== Work to complete ==
Restate, exactly as written, the entries below from the line that holds "Budapeşte ufuk çizgisi" through the line that holds "2026 Audi Q5". Pictures are not part of the copy.

== Material for the task ==
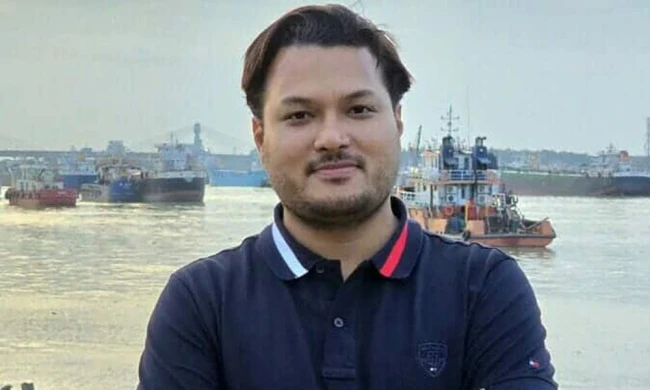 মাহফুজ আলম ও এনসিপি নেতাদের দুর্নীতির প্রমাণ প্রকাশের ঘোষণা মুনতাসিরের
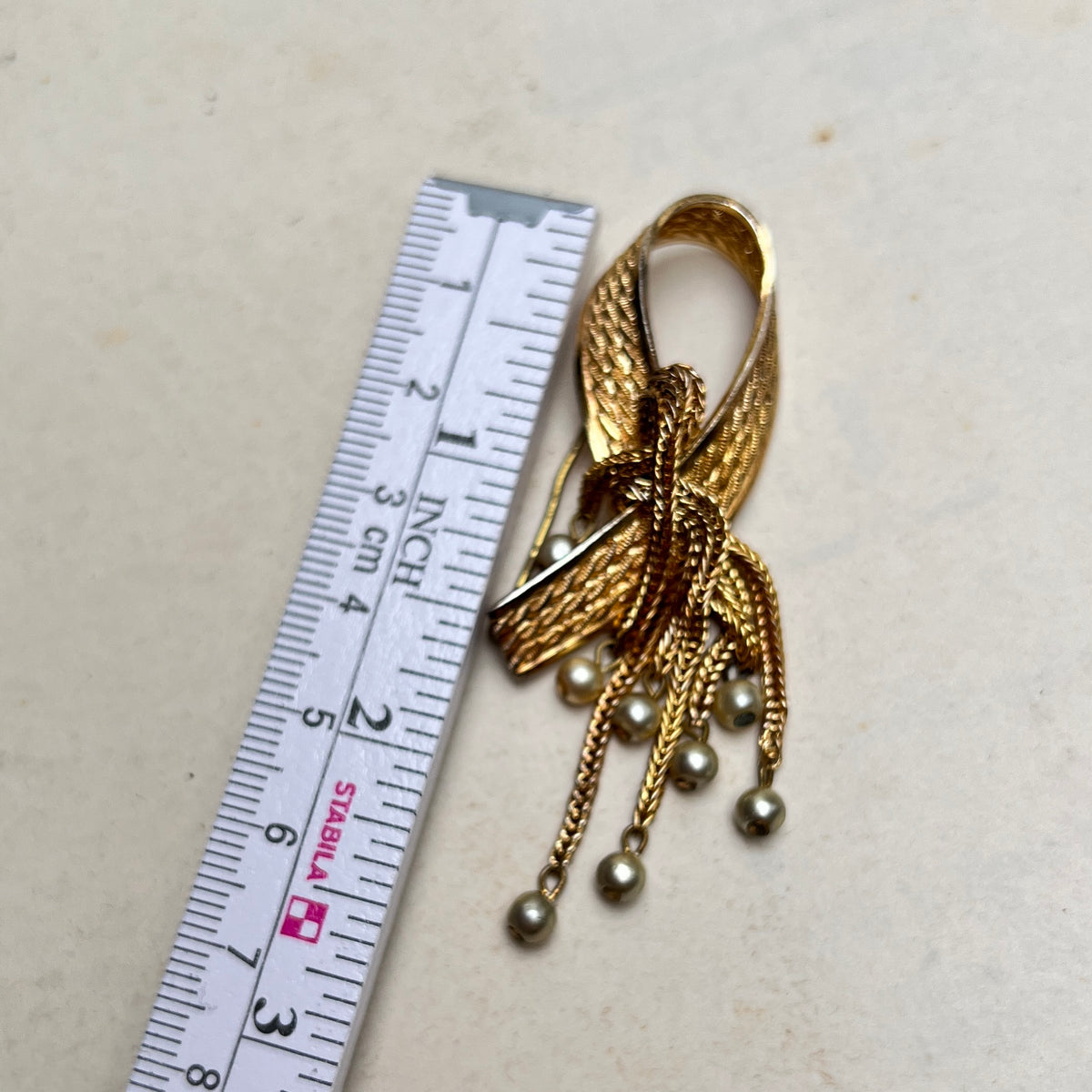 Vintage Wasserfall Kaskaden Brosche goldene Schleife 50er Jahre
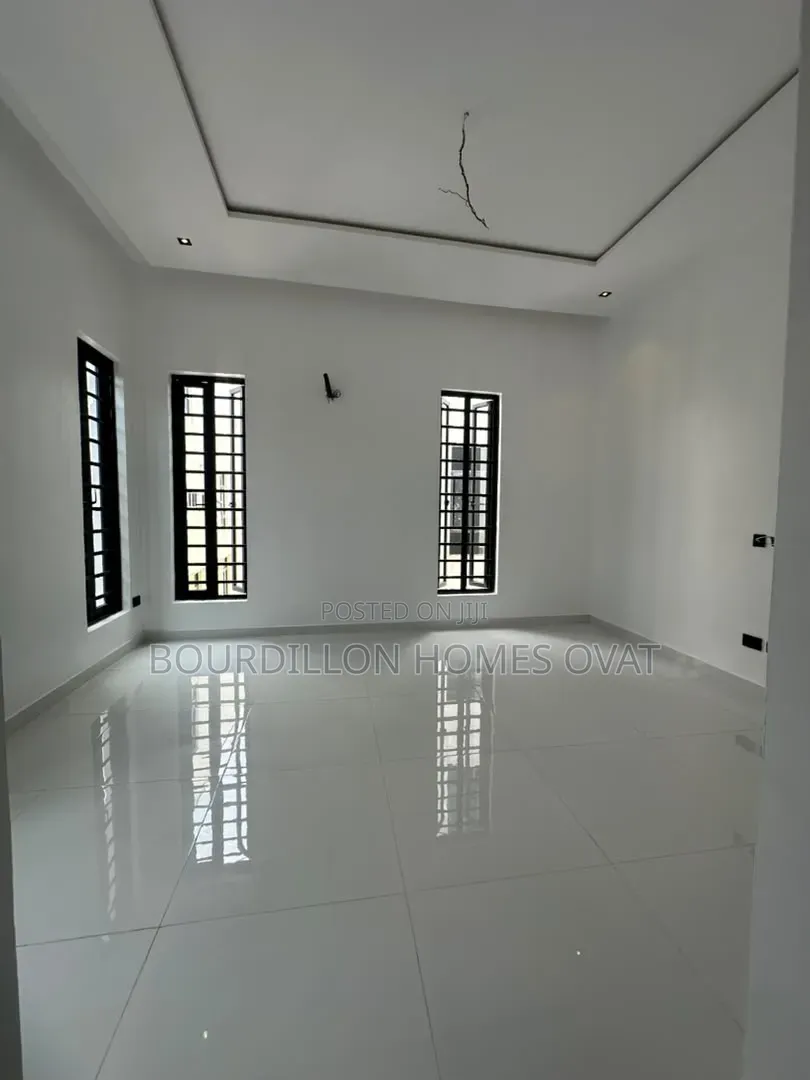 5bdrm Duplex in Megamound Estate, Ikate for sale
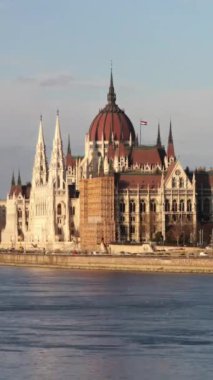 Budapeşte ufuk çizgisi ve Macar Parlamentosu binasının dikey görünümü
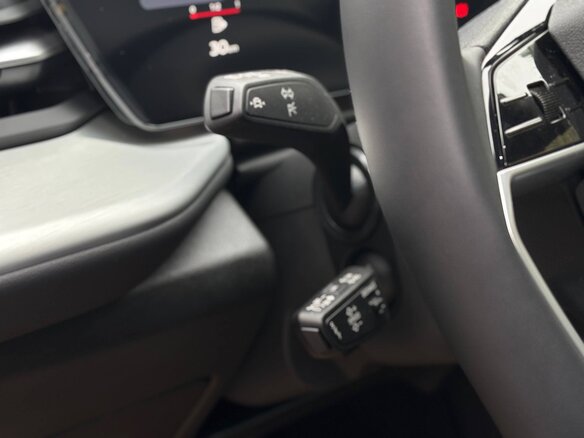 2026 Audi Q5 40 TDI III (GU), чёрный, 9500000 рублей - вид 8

--

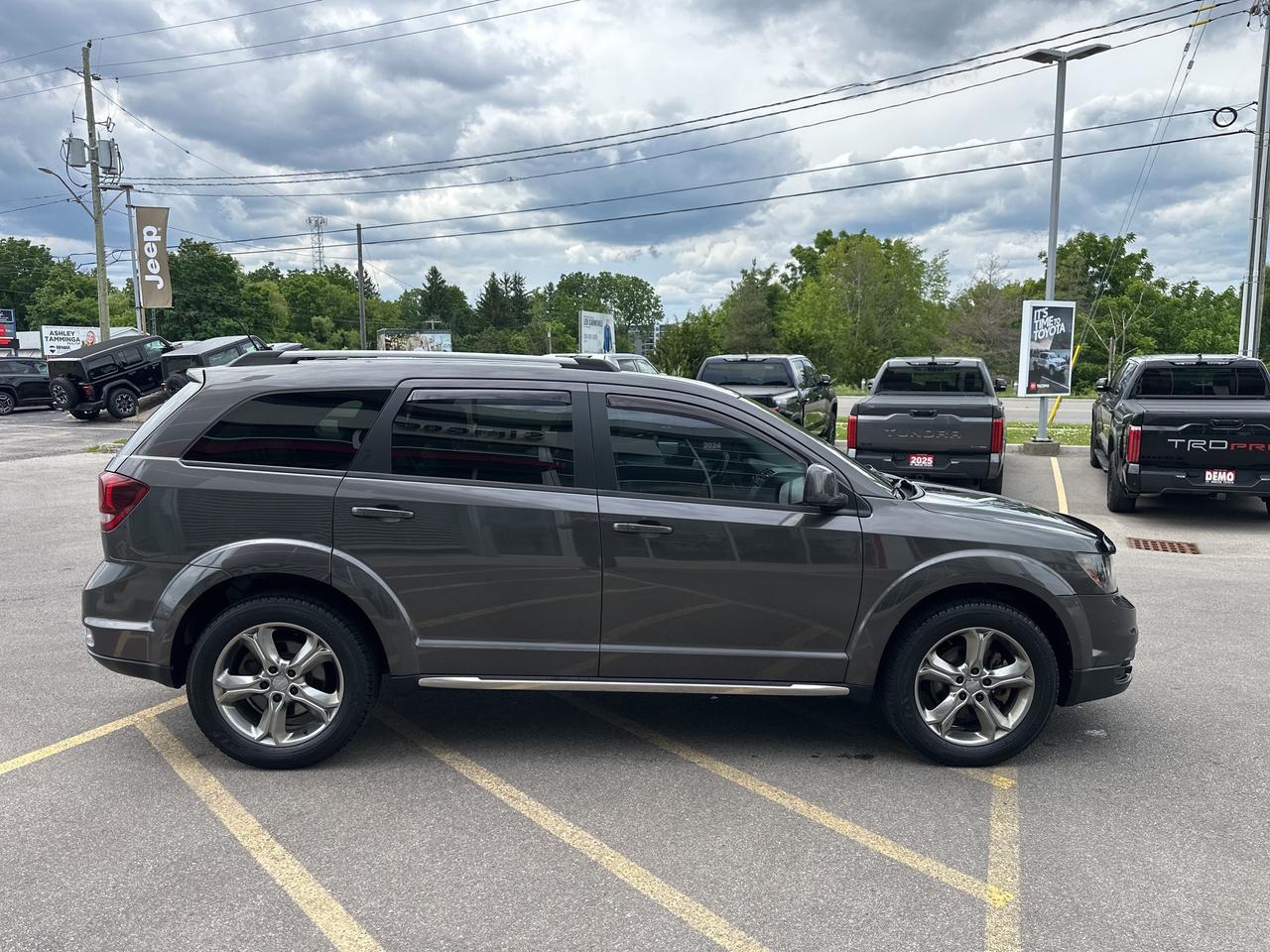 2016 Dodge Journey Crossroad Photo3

...

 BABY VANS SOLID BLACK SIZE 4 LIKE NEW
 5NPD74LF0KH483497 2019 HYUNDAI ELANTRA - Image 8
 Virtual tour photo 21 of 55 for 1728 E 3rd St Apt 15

== Output of the task ==
 Budapeşte ufuk çizgisi ve Macar Parlamentosu binasının dikey görünümü
 2026 Audi Q5 40 TDI III (GU), чёрный, 9500000 рублей - вид 8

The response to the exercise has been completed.